▸ **How to complete this task**: Each line below that includes the word "isThisMe" is to be reported.

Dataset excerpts
# # #
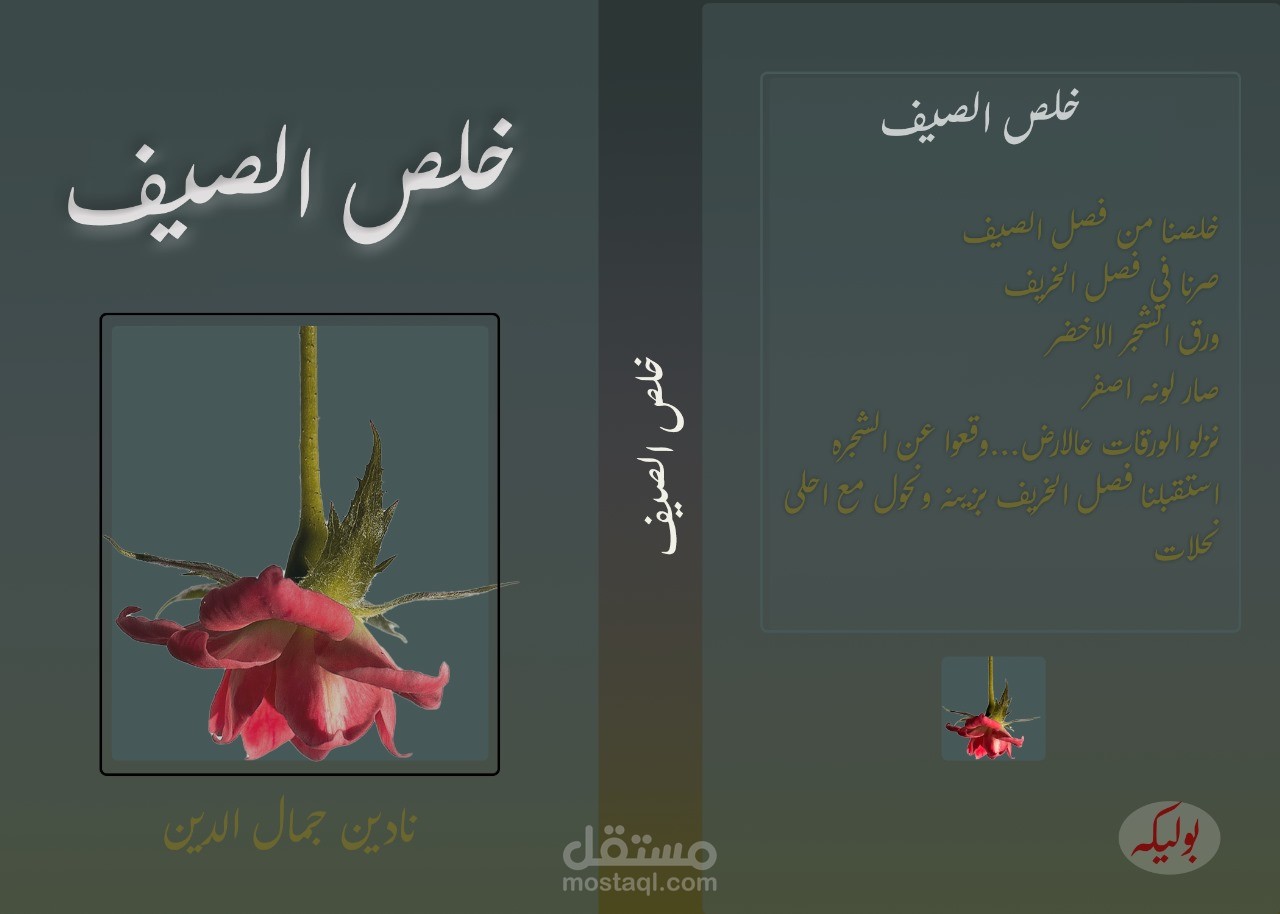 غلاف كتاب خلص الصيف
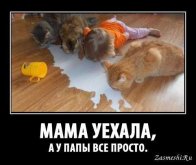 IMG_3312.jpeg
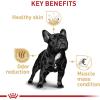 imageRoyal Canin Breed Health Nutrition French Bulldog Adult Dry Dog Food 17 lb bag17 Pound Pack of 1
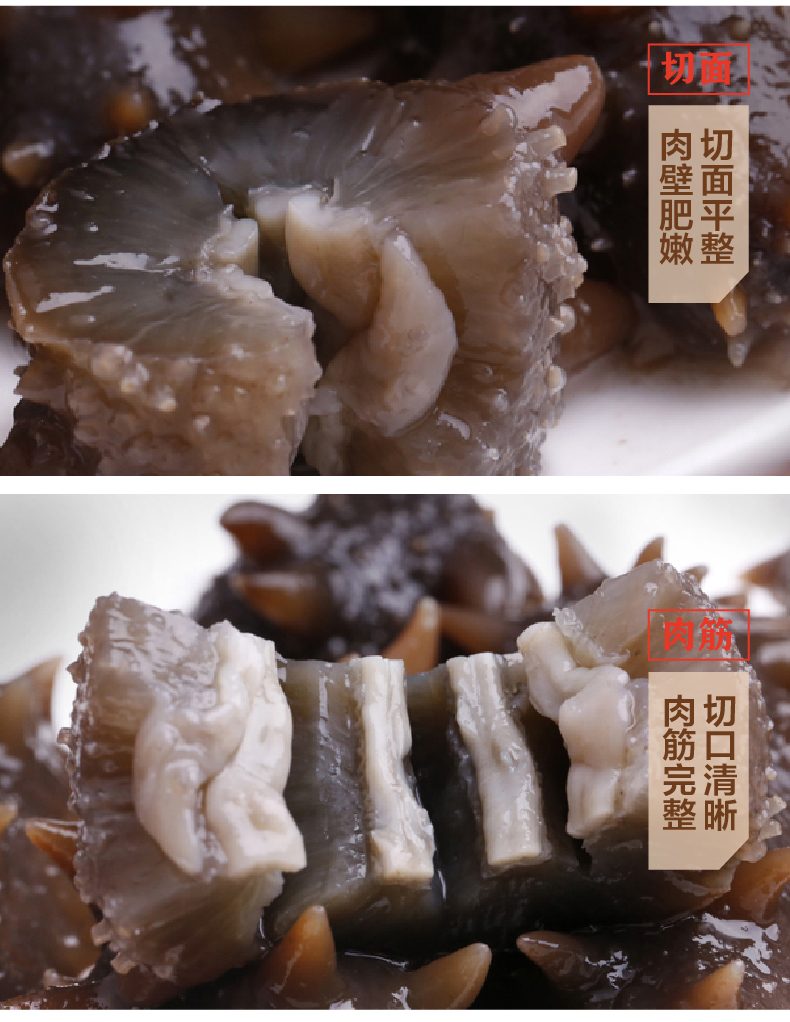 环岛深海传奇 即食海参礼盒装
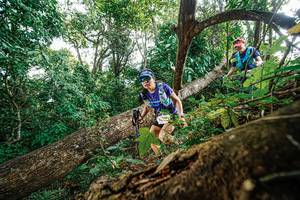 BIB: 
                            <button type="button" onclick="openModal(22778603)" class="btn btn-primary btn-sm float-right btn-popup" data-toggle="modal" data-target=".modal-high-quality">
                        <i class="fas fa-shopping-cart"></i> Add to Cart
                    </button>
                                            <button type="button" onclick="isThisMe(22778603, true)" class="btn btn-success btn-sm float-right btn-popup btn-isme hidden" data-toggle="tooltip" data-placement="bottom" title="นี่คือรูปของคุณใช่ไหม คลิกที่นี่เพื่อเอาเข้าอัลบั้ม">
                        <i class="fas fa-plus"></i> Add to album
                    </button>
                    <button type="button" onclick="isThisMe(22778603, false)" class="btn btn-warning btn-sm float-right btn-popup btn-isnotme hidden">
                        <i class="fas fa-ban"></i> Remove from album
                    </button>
# # #
▸ **Expected answer**:
                                            <button type="button" onclick="isThisMe(22778603, true)" class="btn btn-success btn-sm float-right btn-popup btn-isme hidden" data-toggle="tooltip" data-placement="bottom" title="นี่คือรูปของคุณใช่ไหม คลิกที่นี่เพื่อเอาเข้าอัลบั้ม">
                    <button type="button" onclick="isThisMe(22778603, false)" class="btn btn-warning btn-sm float-right btn-popup btn-isnotme hidden">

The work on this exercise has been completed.